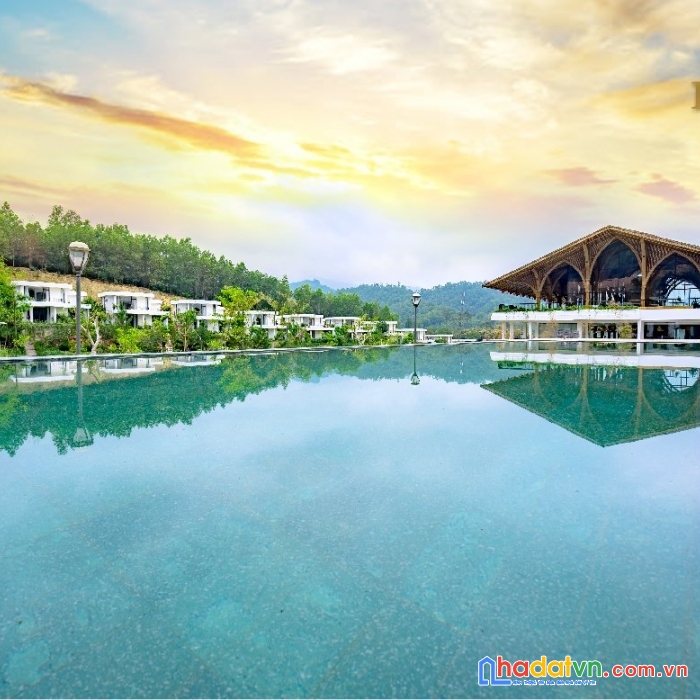 Sở hữu truyền đời dinh thự nghỉ dưỡng ven đô 20tr/m2 ivory resort lương sơn hoà bình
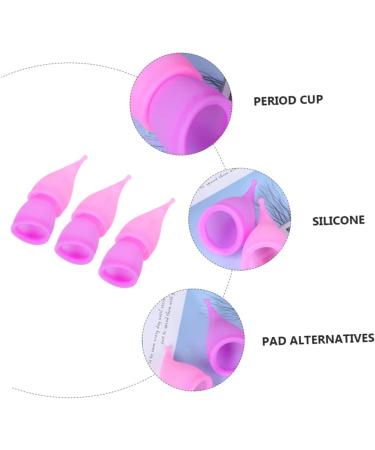 Shop Gleavi 6th Female Period Cup - Eco-Friendly Silicone Tampon Alternative in Miss Violet Cozy Pebbles - Optimal Comfort & Protection for Women - Buy Online on GoSupps.com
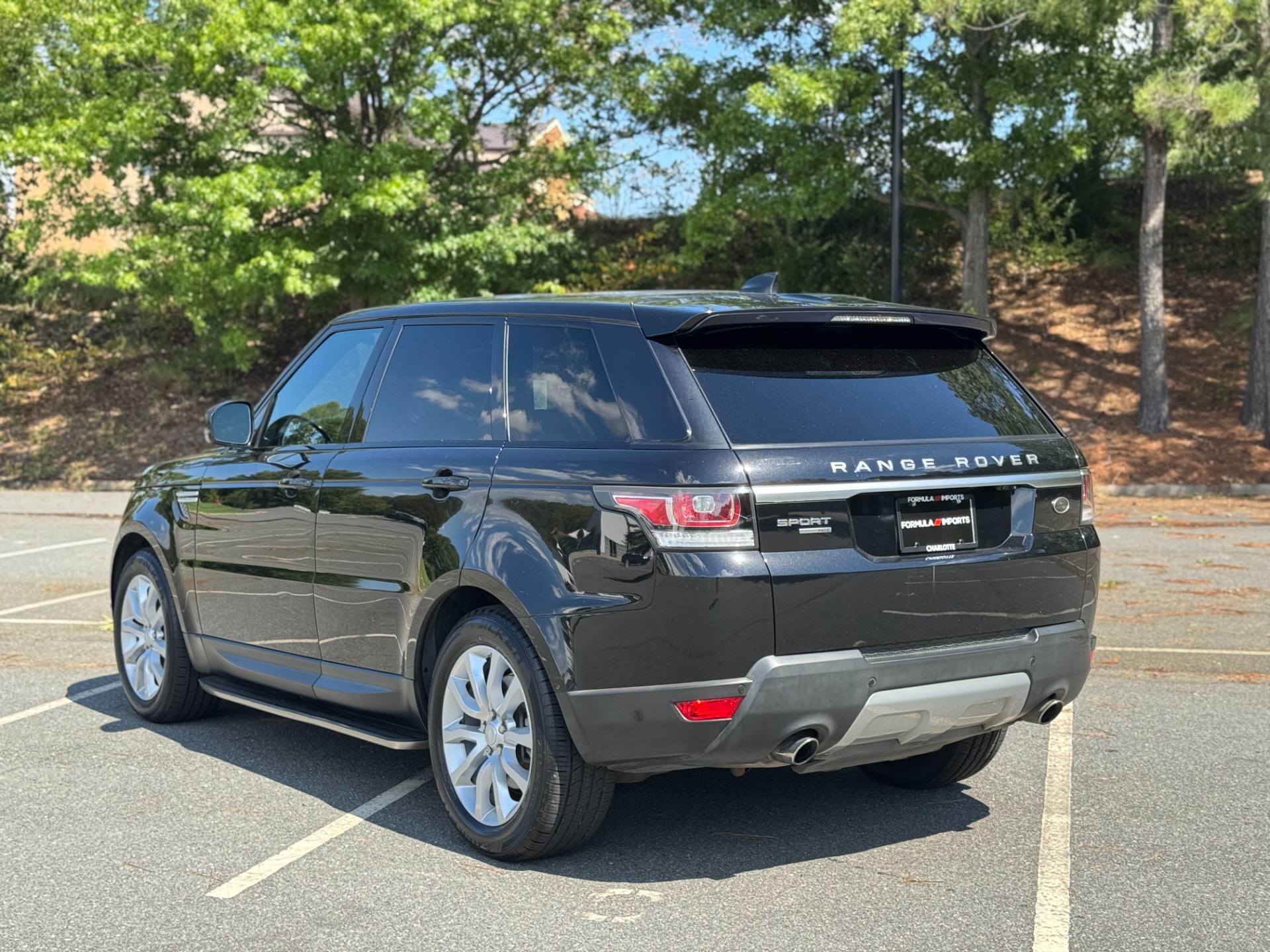 Used 2017 Land Rover Range Rover Sport HSE PANORAMIC ROOF / SIDE STEPS for sale Sold at Formula Imports in Charlotte NC 28227 8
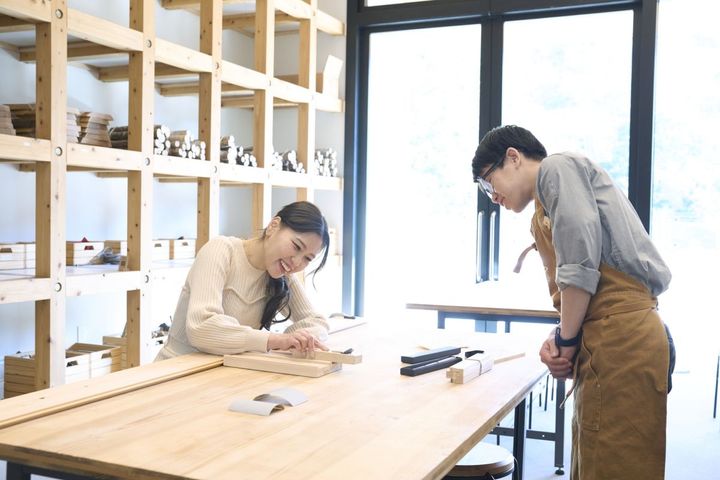 kiondの体験の様子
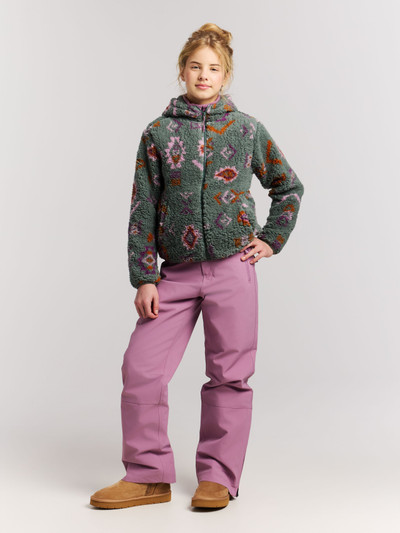 PRTKylee JR Teddy fleece zip up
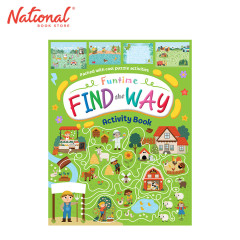 Funtime: Find The Way Activity Book - Trade Paperback -...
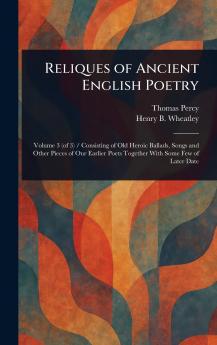 Reliques of Ancient English Poetry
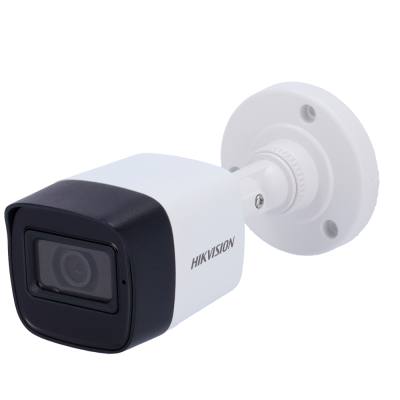 Cámara Bullet 4en1 5MP 2.8mm IR30 IP67 MIC Hikvision
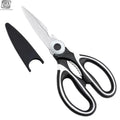 Heavy Duty Kitchen Shears – Stainless Steel Multi-Use Scissors Kitchen Shears Axl Chicken Bone Scissor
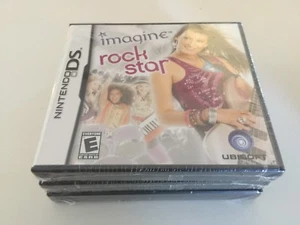 Imagine: Rock Star (Nintendo DS, 2008) DS NEW - Picture 1 of 2
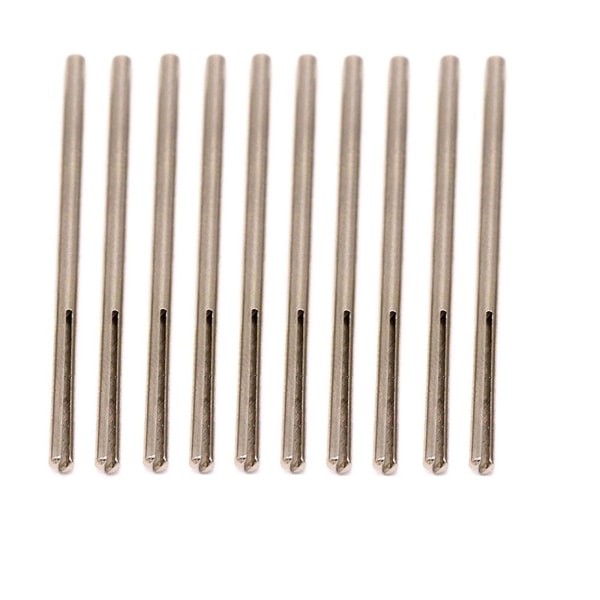 2,35/3mm Skaft Sandpapir Klemme Dorn Split Dorn Konisk Sandpapir Holder (FMY) 10 pieces of straigh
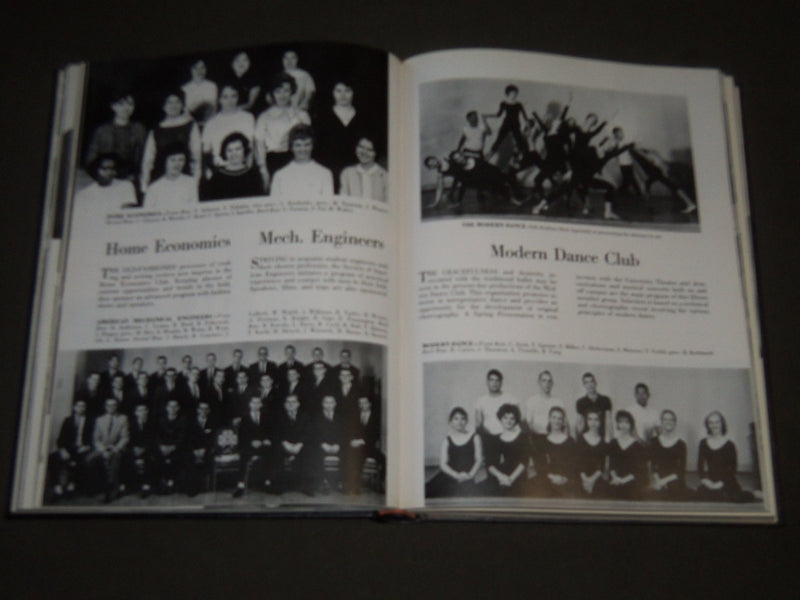 1964 TERRAPIN UNIVERSITY OF MARYLAND COLLEGE YEARBOOK - GREAT PHOTOS - YB 1167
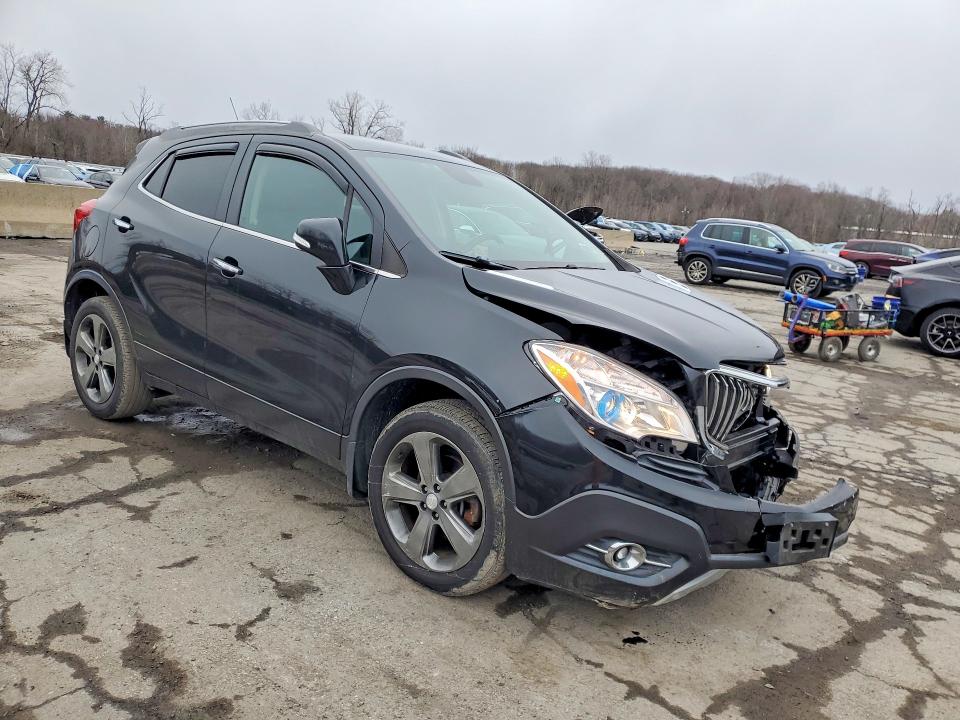 41761256 :رقم المزاد ، KL4CJFSB9EB785877 vin ، 2014 Buick Encore مزاد بيع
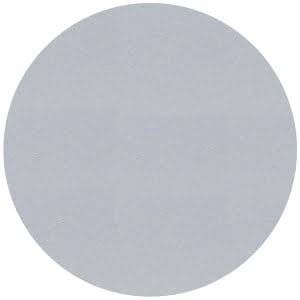 Raved polyester tafelkleed licht grijs
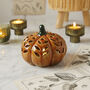 Autumn Leaves Cut Out Light Up Pumpkin, thumbnail 1 of 2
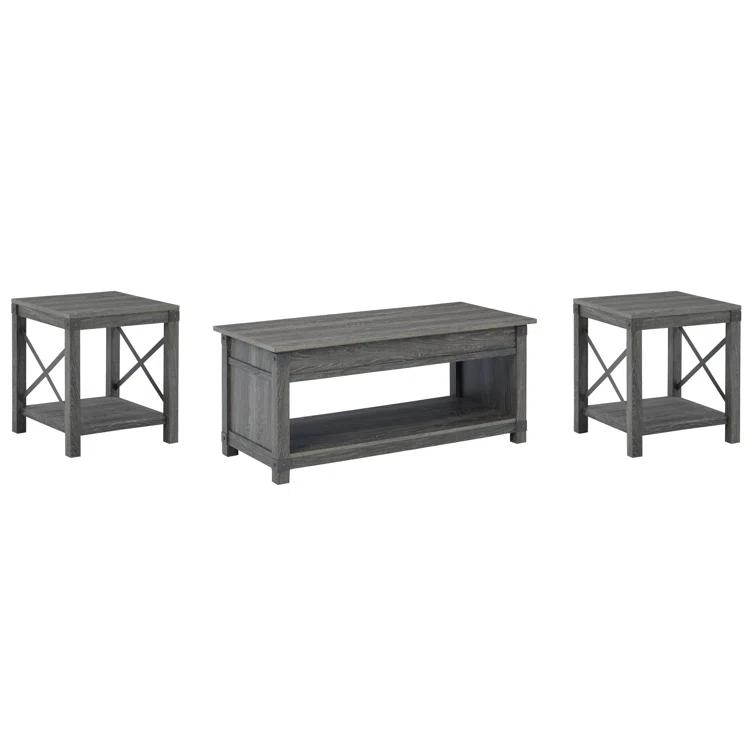 Mickens 3 - Piece Living Room Table Set
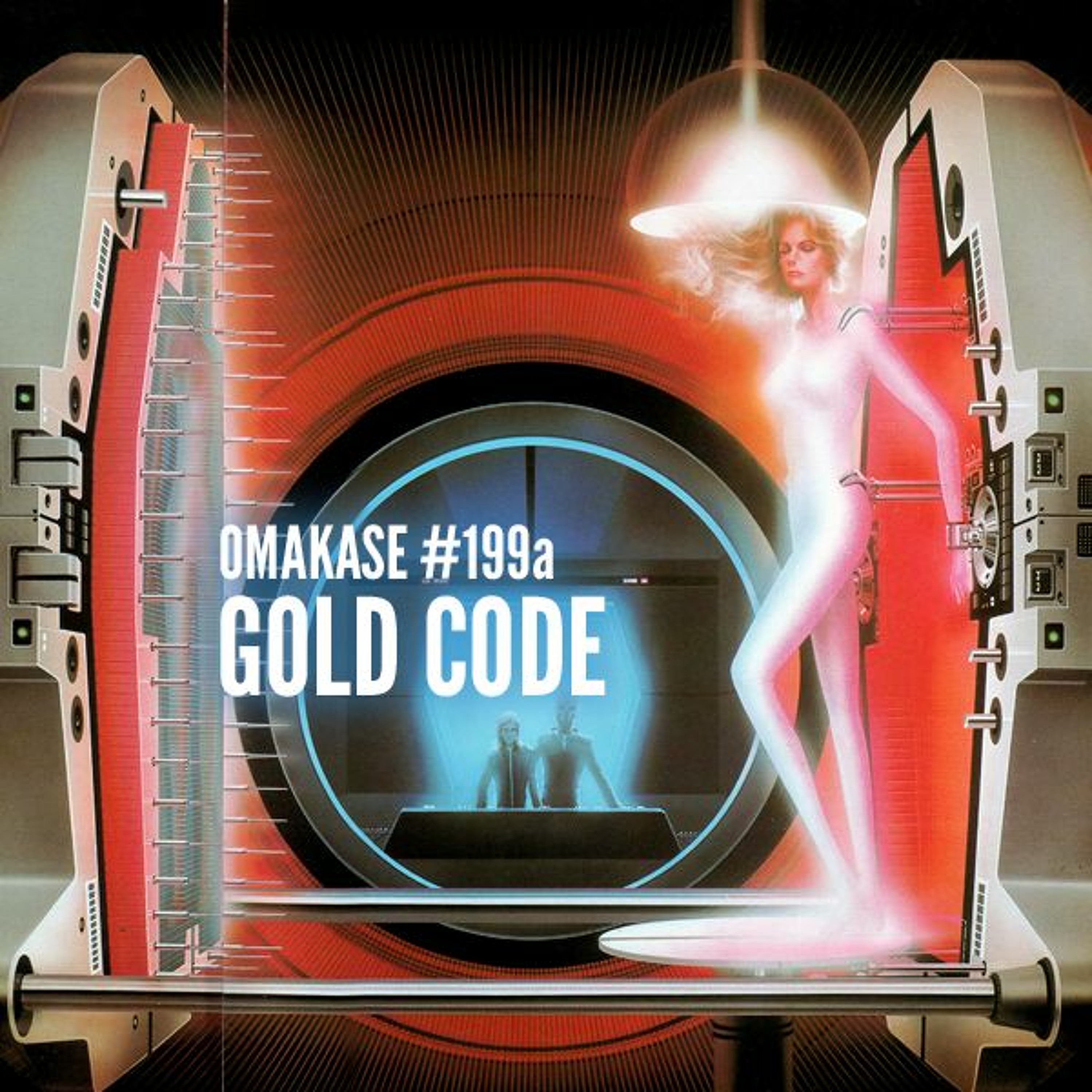 OMAKASE #199a, GOLD CODE episode artwork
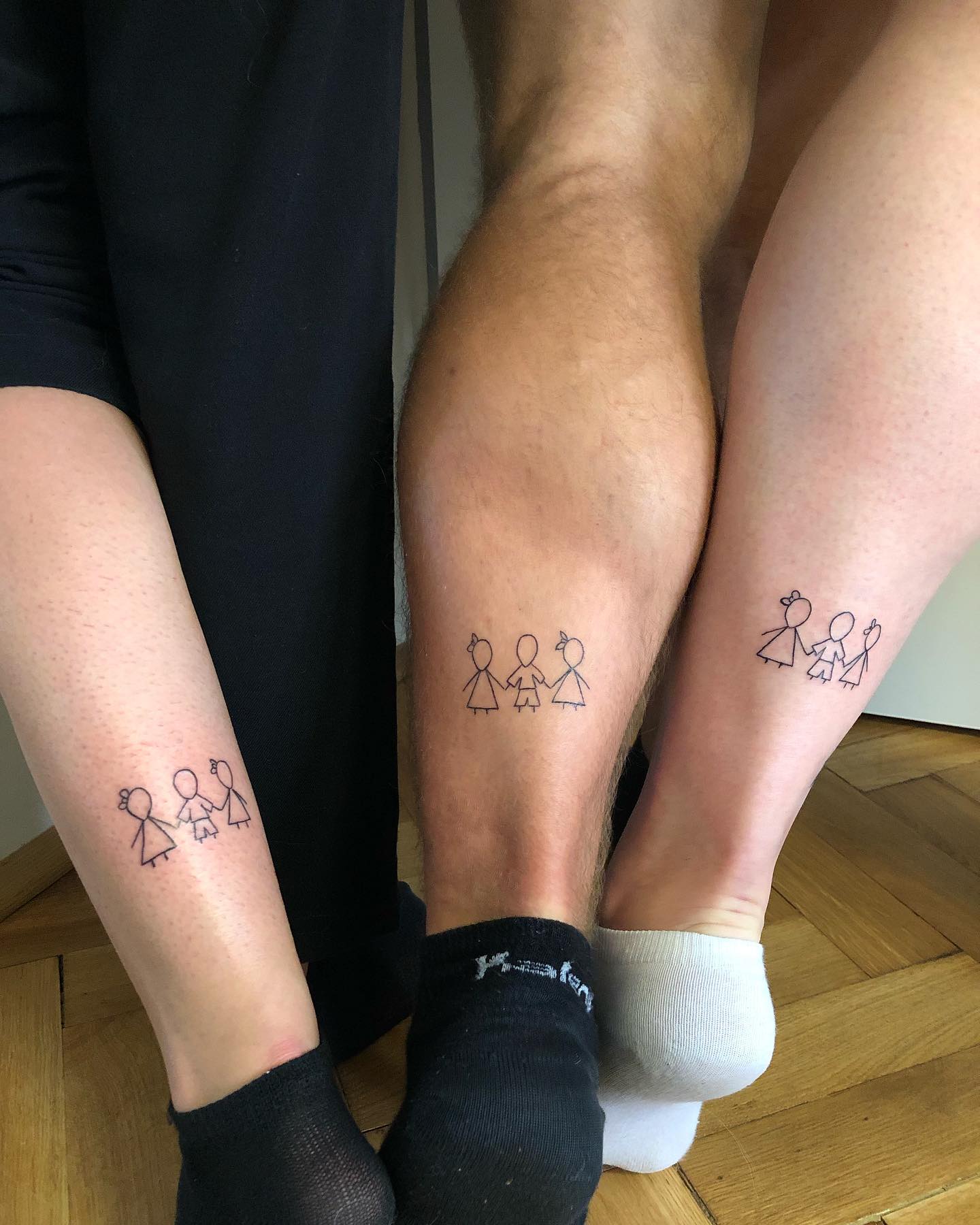 Small Best Friend Tattoos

***

> [TO DO]: Emit the lines of the data above from the one containing "kiondの体験の様子" through its final line, both endpoints included. Pictures do not belong in the output.

> [WRITTEN ANSWER]:
 kiondの体験の様子
 PRTKylee JR Teddy fleece zip up
 Funtime: Find The Way Activity Book - Trade Paperback -...
 Reliques of Ancient English Poetry
 Cámara Bullet 4en1 5MP 2.8mm IR30 IP67 MIC Hikvision
 Heavy Duty Kitchen Shears – Stainless Steel Multi-Use Scissors Kitchen Shears Axl Chicken Bone Scissor
 Imagine: Rock Star (Nintendo DS, 2008) DS NEW - Picture 1 of 2
 2,35/3mm Skaft Sandpapir Klemme Dorn Split Dorn Konisk Sandpapir Holder (FMY) 10 pieces of straigh
 1964 TERRAPIN UNIVERSITY OF MARYLAND COLLEGE YEARBOOK - GREAT PHOTOS - YB 1167
 41761256 :رقم المزاد ، KL4CJFSB9EB785877 vin ، 2014 Buick Encore مزاد بيع
 Raved polyester tafelkleed licht grijs
 Autumn Leaves Cut Out Light Up Pumpkin, thumbnail 1 of 2
 Mickens 3 - Piece Living Room Table Set
 OMAKASE #199a, GOLD CODE episode artwork
 Small Best Friend Tattoos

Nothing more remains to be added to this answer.